- Release poster
- Directed by: Sergio Navarretta
- Written by: Christian Majewski;
- Produced by: Brennan Clost; Lauren Holly; Christian Majewski; Rebeka Herron; Danny Roth;
- Starring: Lauren Holly; Brennan Clost; Shaun Benson; Brittany Raymond;
- Cinematography: Mathieu Taillefer
- Edited by: Alex Gans
- Production companies: Taconic Pictures, New Mountain Films
- Release date: August 29, 2025;
- Running time: 105 minutes
- Country: Canada
- Language: English

= Loathe Thy Neighbor =

2025 film by Sergio Navarretta

Loathe Thy Neighbor is a 2025 Canadian comedy drama film directed by Sergio Navarretta from a screenplay written by Christian Majewski. The film stars Lauren Holly and Brennan Clost. The story focuses on a young man who inherits a farm, and runs into conflict with his neighbor.

Filming took place on a farm in Arran-Elderslie, Bruce County in 2023.

According to interviews with Clost and Holly, the film was conceived, written, cast, and shot in just seven weeks - a turnaround almost unheard of in the industry, where projects typically undergo months or even years of development before casting or production.

Loathe Thy Neighbor had an advance screening on August 25 in Owen Sound, and then received a full release on August 29, 2025.

==Plot==

The story follows Will Larkfield, a marketing executive with severe allergies who inherits his late father’s farmhouse in the rural community of Burns Valley. Bound by conditions in the will, Will relocates to the property and quickly comes into conflict with his neighbor, Wanda Bellerose, a struggling beekeeper who is resentful of newcomers. Wanda undertakes a series of disruptive actions aimed at making Will’s adjustment to rural life difficult.

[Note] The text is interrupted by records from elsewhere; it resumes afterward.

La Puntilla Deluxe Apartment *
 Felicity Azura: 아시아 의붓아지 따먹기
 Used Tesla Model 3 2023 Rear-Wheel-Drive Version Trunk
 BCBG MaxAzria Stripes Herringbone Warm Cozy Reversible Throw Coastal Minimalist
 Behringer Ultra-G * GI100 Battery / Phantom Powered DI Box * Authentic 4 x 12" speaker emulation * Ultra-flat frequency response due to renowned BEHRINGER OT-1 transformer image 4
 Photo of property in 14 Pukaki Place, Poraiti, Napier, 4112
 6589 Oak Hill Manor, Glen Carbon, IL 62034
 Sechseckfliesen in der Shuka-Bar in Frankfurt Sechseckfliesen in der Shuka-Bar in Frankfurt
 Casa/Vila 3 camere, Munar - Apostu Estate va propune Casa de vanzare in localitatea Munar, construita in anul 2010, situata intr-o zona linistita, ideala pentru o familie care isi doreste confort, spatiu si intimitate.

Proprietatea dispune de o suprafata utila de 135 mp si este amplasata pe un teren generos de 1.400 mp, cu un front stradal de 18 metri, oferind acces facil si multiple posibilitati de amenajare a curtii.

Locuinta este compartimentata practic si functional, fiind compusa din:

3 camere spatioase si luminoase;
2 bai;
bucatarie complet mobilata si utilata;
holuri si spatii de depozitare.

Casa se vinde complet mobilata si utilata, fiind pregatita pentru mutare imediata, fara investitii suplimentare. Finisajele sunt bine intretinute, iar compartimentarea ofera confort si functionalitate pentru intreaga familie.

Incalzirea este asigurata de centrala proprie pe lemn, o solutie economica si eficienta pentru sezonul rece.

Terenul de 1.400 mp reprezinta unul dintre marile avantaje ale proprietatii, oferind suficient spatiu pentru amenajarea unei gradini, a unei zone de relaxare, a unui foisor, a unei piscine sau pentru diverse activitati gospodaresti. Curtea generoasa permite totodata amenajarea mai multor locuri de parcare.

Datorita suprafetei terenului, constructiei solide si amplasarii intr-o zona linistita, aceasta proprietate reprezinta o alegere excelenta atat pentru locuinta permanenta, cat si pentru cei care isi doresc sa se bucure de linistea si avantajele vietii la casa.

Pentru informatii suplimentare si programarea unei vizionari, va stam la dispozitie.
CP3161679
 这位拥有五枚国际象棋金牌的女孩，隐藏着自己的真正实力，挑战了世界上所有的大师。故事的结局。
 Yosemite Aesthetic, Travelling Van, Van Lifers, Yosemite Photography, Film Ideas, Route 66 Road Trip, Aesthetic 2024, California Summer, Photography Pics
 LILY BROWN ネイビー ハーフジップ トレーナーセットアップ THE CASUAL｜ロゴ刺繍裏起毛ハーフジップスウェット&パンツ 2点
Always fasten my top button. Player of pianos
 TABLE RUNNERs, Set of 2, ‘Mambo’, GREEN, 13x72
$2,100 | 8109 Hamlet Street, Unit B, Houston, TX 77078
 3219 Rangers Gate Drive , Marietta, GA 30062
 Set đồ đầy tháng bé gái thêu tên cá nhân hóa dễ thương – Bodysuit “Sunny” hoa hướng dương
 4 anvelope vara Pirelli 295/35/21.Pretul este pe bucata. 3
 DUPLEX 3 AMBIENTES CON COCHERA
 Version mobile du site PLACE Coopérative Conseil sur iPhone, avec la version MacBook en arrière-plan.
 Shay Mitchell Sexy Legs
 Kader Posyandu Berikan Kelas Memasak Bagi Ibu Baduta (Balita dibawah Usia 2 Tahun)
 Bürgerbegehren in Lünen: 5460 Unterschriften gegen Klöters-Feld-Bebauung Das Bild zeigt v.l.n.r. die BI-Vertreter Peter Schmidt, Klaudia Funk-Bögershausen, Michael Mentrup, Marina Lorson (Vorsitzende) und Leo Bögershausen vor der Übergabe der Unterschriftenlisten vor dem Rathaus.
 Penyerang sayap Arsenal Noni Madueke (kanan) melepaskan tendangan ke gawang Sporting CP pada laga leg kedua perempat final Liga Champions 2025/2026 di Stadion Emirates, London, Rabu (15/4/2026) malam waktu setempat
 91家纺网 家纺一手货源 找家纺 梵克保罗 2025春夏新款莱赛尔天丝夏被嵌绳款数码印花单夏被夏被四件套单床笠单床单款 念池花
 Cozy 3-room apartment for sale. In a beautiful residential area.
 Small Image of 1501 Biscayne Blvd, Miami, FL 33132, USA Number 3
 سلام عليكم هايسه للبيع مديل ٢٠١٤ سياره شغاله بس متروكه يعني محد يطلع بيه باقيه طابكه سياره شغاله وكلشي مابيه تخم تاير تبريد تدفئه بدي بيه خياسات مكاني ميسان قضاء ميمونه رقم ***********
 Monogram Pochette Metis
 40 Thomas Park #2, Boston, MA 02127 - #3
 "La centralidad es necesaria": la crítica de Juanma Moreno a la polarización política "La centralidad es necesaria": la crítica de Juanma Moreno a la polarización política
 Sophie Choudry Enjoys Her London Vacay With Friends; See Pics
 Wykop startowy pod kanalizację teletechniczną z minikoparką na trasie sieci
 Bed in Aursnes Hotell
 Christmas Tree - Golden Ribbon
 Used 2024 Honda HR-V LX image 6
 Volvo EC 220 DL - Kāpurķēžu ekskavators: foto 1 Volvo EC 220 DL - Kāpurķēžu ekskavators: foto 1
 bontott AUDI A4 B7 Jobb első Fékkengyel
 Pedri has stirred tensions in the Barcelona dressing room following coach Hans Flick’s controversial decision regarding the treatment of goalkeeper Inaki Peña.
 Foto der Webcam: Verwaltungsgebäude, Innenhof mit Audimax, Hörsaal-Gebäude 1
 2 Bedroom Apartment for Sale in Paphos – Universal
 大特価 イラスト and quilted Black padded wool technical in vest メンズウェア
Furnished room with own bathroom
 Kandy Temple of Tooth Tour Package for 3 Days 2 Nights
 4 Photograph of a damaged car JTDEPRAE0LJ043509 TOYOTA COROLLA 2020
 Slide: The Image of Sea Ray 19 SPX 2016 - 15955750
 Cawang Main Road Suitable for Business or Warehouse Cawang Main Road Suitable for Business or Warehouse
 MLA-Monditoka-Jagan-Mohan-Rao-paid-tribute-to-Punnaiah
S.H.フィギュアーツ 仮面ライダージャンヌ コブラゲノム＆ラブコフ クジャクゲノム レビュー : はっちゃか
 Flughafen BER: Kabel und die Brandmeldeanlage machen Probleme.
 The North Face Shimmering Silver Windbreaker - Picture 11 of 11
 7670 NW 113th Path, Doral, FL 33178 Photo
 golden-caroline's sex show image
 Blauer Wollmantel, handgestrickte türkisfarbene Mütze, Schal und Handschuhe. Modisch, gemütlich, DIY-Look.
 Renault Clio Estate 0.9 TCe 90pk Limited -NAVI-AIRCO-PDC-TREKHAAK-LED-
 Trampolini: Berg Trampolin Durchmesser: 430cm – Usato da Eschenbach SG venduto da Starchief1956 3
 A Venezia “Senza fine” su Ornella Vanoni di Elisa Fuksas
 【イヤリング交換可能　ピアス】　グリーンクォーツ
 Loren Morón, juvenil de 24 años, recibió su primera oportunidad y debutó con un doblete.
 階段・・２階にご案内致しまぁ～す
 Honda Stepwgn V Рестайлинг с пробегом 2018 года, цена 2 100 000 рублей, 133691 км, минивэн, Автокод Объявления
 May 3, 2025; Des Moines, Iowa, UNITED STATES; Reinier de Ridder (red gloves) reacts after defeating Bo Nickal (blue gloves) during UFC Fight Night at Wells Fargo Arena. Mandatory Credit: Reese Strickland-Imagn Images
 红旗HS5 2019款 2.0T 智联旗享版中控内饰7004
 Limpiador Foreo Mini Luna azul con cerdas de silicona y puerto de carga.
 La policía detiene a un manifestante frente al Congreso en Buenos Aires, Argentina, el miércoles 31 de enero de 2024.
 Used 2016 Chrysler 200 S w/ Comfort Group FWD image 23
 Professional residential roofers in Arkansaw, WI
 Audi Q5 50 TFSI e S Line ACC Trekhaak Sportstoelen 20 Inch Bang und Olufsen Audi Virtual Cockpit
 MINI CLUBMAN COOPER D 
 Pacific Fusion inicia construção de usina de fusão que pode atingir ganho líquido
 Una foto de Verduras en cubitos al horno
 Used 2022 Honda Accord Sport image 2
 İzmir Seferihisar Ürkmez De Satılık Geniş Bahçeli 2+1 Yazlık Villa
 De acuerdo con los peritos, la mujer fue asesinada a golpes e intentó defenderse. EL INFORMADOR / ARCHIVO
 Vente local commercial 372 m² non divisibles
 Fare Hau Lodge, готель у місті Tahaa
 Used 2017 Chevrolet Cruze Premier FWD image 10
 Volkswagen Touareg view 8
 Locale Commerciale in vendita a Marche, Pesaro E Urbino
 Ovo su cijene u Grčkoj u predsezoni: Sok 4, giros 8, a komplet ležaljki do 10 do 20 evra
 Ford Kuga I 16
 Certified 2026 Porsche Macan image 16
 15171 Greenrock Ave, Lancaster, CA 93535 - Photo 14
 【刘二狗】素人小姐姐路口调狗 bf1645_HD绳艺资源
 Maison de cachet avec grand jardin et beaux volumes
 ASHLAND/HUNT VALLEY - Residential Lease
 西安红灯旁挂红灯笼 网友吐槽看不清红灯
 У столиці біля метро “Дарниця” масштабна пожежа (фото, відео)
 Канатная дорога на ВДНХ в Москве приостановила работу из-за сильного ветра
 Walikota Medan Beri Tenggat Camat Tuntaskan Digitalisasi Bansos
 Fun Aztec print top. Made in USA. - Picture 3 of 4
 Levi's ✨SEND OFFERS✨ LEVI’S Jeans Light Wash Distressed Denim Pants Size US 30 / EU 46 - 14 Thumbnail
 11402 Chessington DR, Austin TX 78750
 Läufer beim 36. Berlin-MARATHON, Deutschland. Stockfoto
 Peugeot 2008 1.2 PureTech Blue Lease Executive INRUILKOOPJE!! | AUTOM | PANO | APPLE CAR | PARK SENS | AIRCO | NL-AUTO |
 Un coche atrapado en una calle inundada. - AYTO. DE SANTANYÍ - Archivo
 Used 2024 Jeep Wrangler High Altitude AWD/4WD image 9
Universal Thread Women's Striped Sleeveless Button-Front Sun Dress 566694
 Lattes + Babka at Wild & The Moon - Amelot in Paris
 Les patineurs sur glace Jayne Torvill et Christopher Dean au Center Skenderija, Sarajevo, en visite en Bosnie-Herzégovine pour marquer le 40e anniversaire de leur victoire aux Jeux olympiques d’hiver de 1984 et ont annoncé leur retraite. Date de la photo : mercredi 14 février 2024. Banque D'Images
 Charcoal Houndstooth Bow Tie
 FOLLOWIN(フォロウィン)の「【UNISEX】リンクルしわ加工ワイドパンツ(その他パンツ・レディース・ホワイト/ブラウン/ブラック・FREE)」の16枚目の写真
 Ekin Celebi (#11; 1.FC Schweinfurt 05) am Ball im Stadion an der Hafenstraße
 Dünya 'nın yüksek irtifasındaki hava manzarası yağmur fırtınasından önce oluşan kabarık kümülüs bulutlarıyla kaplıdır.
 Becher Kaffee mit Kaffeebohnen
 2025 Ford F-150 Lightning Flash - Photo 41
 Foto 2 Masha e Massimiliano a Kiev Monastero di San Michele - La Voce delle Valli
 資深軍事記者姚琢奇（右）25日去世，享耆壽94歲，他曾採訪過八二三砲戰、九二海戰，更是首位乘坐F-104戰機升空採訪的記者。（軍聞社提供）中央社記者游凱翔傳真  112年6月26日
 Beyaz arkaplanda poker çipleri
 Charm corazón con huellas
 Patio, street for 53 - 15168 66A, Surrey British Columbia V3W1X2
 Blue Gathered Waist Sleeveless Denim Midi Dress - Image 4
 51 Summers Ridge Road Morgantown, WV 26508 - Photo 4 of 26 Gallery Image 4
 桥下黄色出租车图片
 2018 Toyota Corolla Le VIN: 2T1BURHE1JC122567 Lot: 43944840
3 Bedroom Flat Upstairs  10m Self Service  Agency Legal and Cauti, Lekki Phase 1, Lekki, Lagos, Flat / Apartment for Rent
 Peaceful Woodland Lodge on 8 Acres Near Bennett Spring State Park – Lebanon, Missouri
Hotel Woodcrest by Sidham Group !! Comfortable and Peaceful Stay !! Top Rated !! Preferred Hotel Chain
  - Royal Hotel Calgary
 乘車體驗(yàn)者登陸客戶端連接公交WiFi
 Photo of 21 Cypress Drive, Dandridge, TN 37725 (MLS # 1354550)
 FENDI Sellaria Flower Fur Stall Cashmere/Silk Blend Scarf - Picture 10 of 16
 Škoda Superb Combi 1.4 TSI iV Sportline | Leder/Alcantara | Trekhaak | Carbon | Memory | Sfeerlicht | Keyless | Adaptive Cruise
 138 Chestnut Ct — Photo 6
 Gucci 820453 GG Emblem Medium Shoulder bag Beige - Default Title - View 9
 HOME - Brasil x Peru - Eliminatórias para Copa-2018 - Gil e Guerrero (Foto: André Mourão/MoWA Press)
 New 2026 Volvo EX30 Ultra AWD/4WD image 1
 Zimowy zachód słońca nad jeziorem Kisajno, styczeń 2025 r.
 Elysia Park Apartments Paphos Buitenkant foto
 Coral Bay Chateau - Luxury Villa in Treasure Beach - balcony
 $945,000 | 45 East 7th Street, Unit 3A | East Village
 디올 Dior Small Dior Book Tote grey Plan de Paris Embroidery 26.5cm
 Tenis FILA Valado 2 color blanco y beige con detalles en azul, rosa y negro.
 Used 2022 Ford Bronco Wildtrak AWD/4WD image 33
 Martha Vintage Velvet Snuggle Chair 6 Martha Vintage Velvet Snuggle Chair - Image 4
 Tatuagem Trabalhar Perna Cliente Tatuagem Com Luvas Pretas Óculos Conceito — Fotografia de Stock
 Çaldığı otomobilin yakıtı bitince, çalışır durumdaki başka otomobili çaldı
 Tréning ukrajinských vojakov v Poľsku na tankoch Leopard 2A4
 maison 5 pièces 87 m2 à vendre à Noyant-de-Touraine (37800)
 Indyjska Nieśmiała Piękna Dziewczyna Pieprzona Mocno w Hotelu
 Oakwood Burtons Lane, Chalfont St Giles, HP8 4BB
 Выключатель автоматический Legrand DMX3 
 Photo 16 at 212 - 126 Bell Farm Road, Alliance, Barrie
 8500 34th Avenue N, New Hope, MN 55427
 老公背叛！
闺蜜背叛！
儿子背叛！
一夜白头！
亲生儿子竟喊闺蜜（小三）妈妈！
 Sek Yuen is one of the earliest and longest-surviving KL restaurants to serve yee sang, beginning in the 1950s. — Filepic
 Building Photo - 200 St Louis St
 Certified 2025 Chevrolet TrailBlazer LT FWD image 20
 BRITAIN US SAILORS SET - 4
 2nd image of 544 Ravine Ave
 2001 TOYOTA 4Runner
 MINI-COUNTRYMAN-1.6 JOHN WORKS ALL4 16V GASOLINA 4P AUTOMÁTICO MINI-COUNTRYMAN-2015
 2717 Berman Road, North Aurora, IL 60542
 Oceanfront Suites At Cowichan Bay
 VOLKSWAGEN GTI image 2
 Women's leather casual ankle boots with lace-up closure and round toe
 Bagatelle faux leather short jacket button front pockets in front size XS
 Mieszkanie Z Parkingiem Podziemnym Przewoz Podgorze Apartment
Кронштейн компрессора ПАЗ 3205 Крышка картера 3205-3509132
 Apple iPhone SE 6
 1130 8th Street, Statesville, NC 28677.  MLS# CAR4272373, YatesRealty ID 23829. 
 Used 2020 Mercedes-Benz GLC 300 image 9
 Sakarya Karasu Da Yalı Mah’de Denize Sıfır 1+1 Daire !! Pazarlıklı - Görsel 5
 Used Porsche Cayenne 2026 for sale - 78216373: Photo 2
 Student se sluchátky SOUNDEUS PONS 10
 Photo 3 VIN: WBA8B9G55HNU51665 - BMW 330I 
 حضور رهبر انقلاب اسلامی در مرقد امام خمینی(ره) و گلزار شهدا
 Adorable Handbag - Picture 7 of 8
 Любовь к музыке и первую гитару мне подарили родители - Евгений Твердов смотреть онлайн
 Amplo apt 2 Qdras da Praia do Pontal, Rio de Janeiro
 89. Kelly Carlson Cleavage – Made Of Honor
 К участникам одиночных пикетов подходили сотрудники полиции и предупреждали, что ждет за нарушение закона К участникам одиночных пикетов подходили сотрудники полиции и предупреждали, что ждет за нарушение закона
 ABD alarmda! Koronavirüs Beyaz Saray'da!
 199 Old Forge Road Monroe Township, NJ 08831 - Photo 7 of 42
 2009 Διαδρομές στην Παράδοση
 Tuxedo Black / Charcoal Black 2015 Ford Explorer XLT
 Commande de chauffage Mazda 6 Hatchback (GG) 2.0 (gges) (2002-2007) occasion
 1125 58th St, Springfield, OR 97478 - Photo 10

Adding to the tension is Wanda’s daughter, Valerie, who lives out of a truck on the farm. Though she initially appears supportive of Will, her behavior creates further complications. As disputes escalate through acts of retaliation and manipulation, both Will and Wanda struggle to maintain control over their homes and livelihoods. The conflict eventually forces them to confront questions of family, community, and belonging.

==Release==

The film was originally titled "Yuppie" when it received an "Industry Selects" screening at the Toronto International Film Festival in 2024. It was released under the new title Loathe Thy Neighbor in Canadian cinemas on August 29, 2025.

==Reception==
Richard Crouse gave the film 3.5 stars, stating "A dark riff on “Green Acres,” “Loathe Thy Neighbor” is more than the standard fish-out-of-water story. What begins as a “citidiot” in the country tale, slowly reveals itself to be a lesson in community and personal growth."

Anne Brodie of What She Said had positive reviews, stating "Ok so we have all had bad neighbours. That uncomfortable truth drives Lauren Holly's darkly funny, sarcastic, absurd comedy. ... amusingly "out there" and worth a look"

Volkmar Richter of National Observer gave the film 3/5, stating "Ever thought of moving to the country, a small town maybe, where life is quieter and people know each other? Here’s a counterview. You might find yourself not fitting in, clashing with the locals, disrupting them just by being different. That’s demonstrated effectively in this film made in Bruce County, Ontario...You can see how this is all tangling up. It’s funny and exaggerated and quite possible. Sergio Navarretta directed but Lauren Holly, who lives in Toronto, seems to have been a creative-force. She not only starred but co-produced (in two capacities), worked on casting, wardrobe, ADR, accounting, hair and makeup and even animal wrangling. Good stuff."

Nick Bythrow of Screenrant had mixed reviews, stating "Loathe Thy Neighbor tells the story of two dysfunctional neighbors in a rural town, striking a hasty yet careful balance between heartache and heart."

Chris Knight of Original Cin wasn't as enthusiastic, grading it a C+ and stating, "I wanted to find more to enjoy in Loathe They Neighbor — which until recently appeared on the IMDb website under the title Yuppie — but there isn’t much to love. Sergio Navarretta’s direction is solid, as are the performances, but nothing elevates the story."